Instructions to follow: Everything in the listing below needs restating exactly, apart from the pictures.

Entries shown:
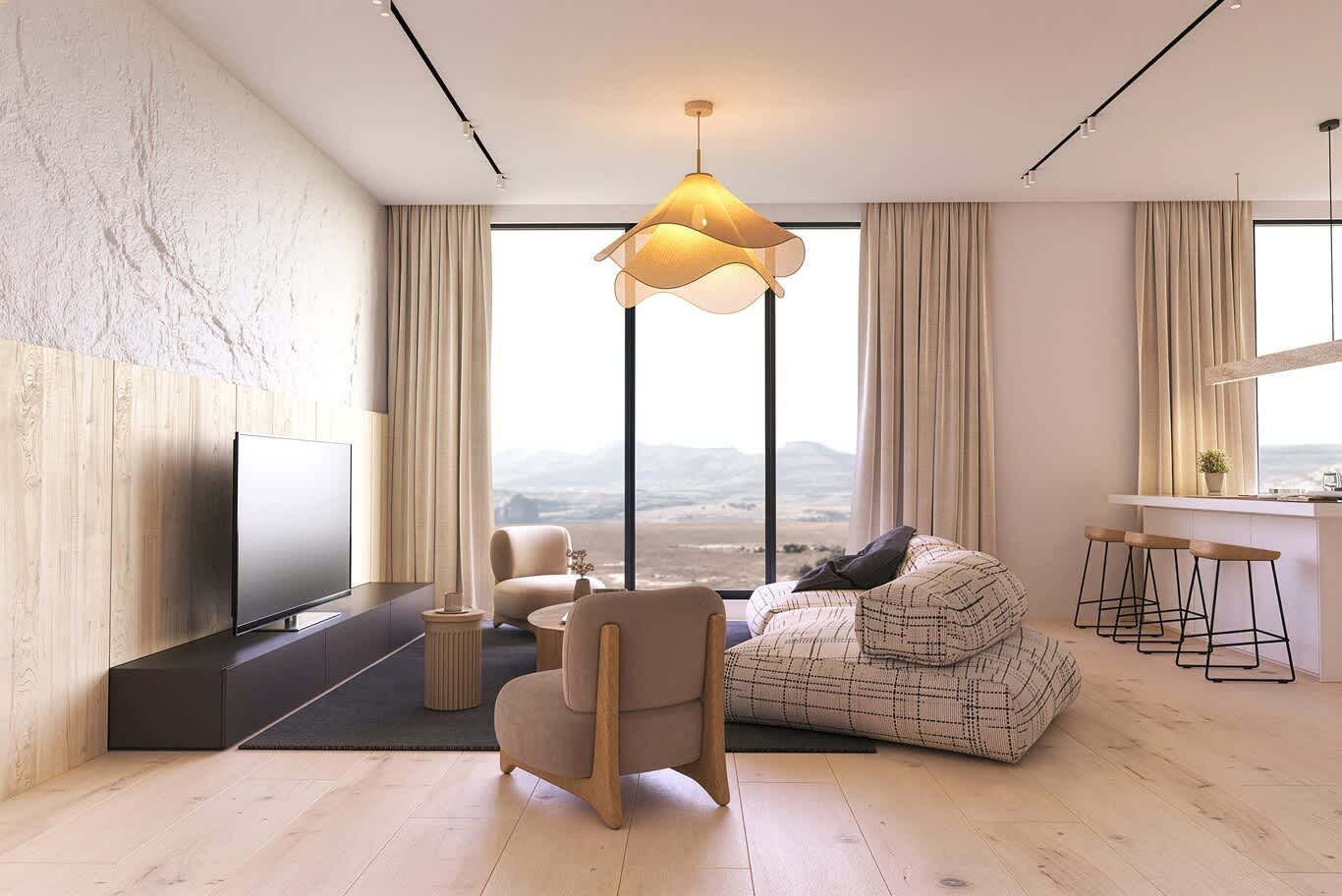 Al Barari open-plan living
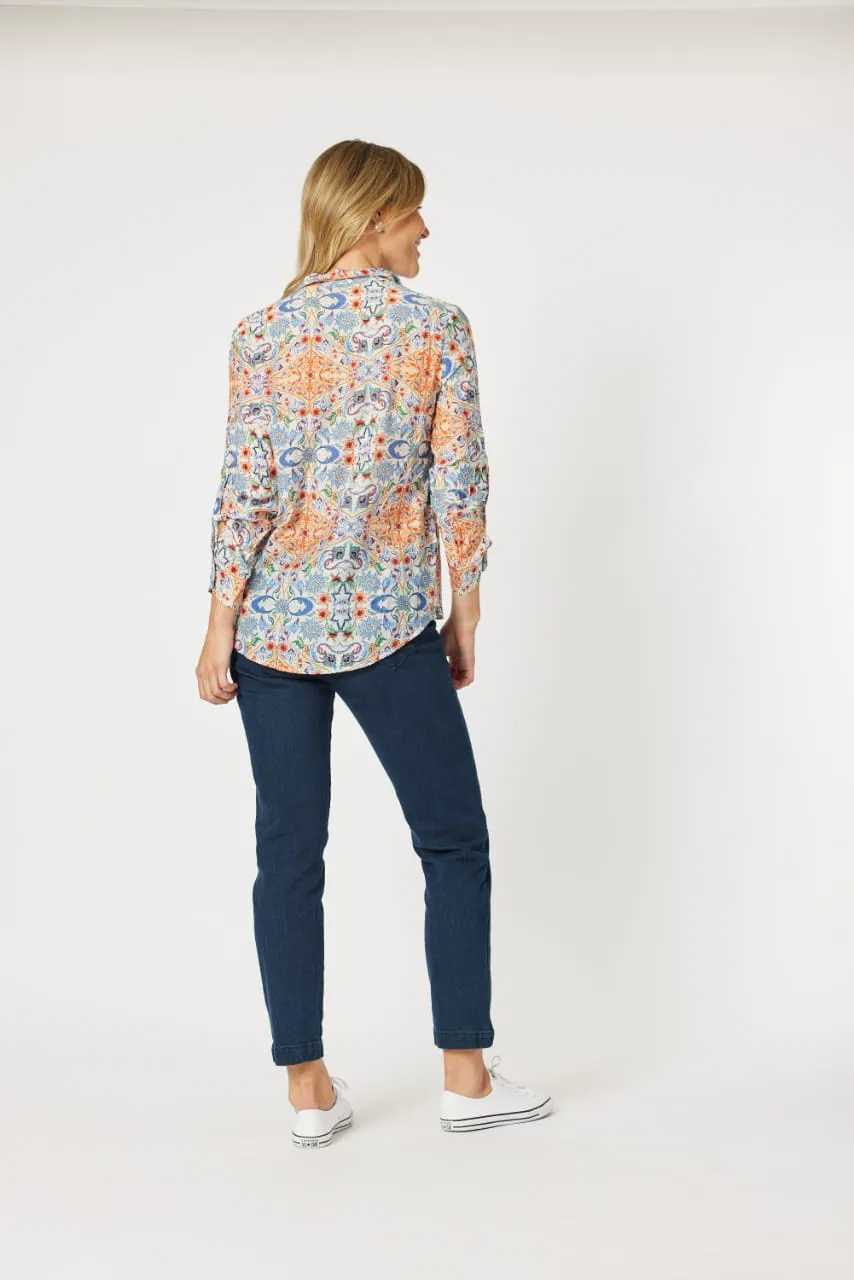 GS Mykonos Blu Print Shirt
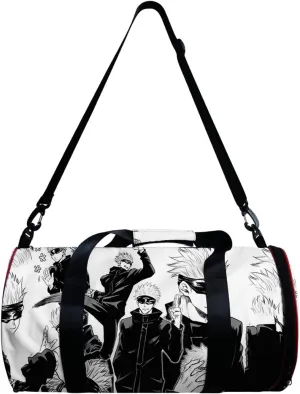 Anime Jujutsu Kaisen Gym Bag Manga Cosplay Sport Duffel Bag With Shoe Compartment(Gojo BW)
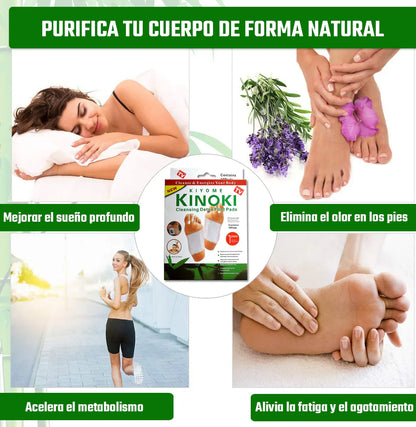 Parches Detox Kinoki para Pies – Limpieza Natural y Desintoxicación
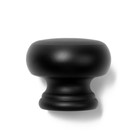 Ручка-кнопка CAPPIO, d=38 мм, вес 60 г, цвет чёрный - фото 21576840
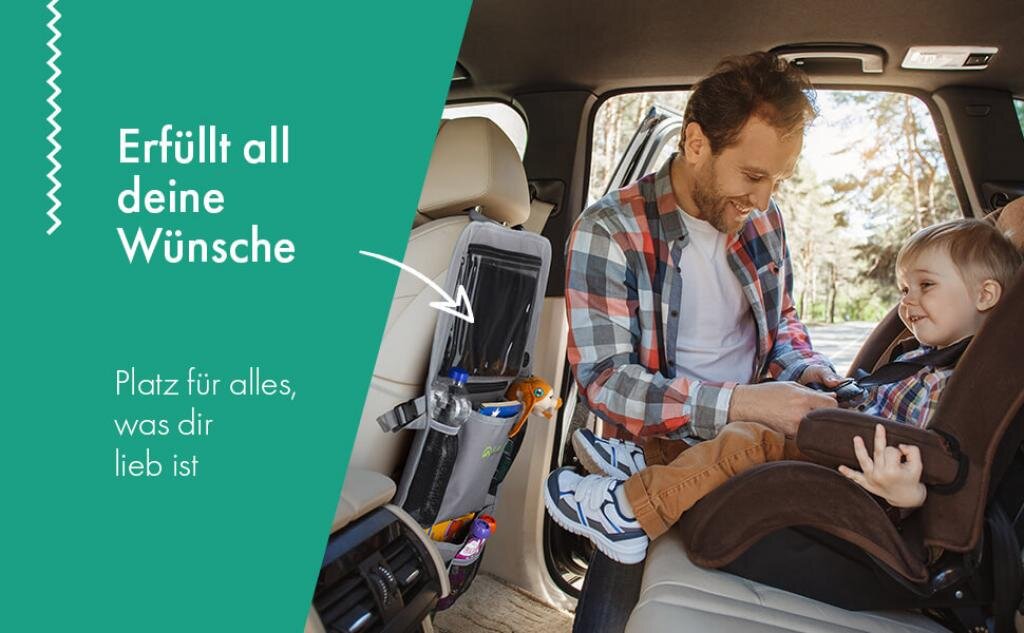 Galaxus Deutschland GmbH Freizeit und Outdoor 2 x Fioly Organizer Tasche für KFZ Kopfstütze Kind Baby Stauraum für Autositz, Rücksitztasche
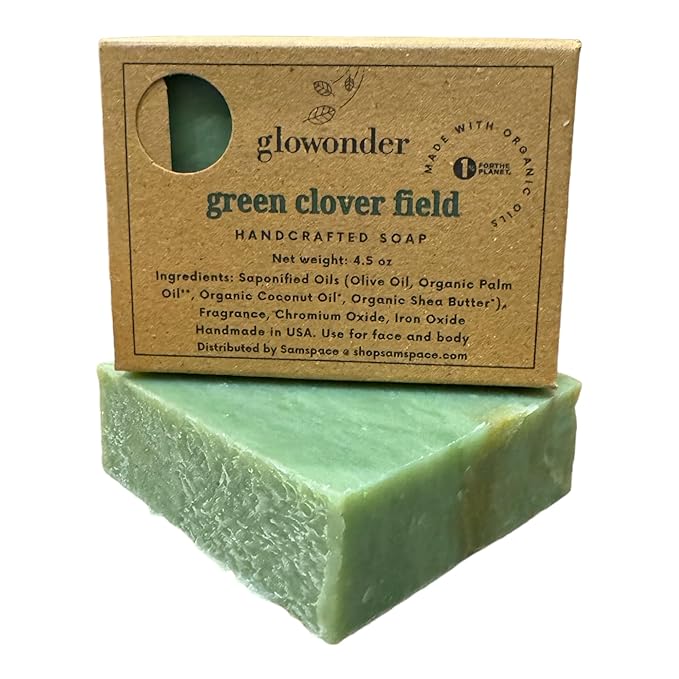 1 Pack Green Clover Field Handmade 4.5 oz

Exercise answer:
 Al Barari open-plan living
 GS Mykonos Blu Print Shirt
 Anime Jujutsu Kaisen Gym Bag Manga Cosplay Sport Duffel Bag With Shoe Compartment(Gojo BW)
 Parches Detox Kinoki para Pies – Limpieza Natural y Desintoxicación
 Ручка-кнопка CAPPIO, d=38 мм, вес 60 г, цвет чёрный - фото 21576840
 Galaxus Deutschland GmbH Freizeit und Outdoor 2 x Fioly Organizer Tasche für KFZ Kopfstütze Kind Baby Stauraum für Autositz, Rücksitztasche
 1 Pack Green Clover Field Handmade 4.5 oz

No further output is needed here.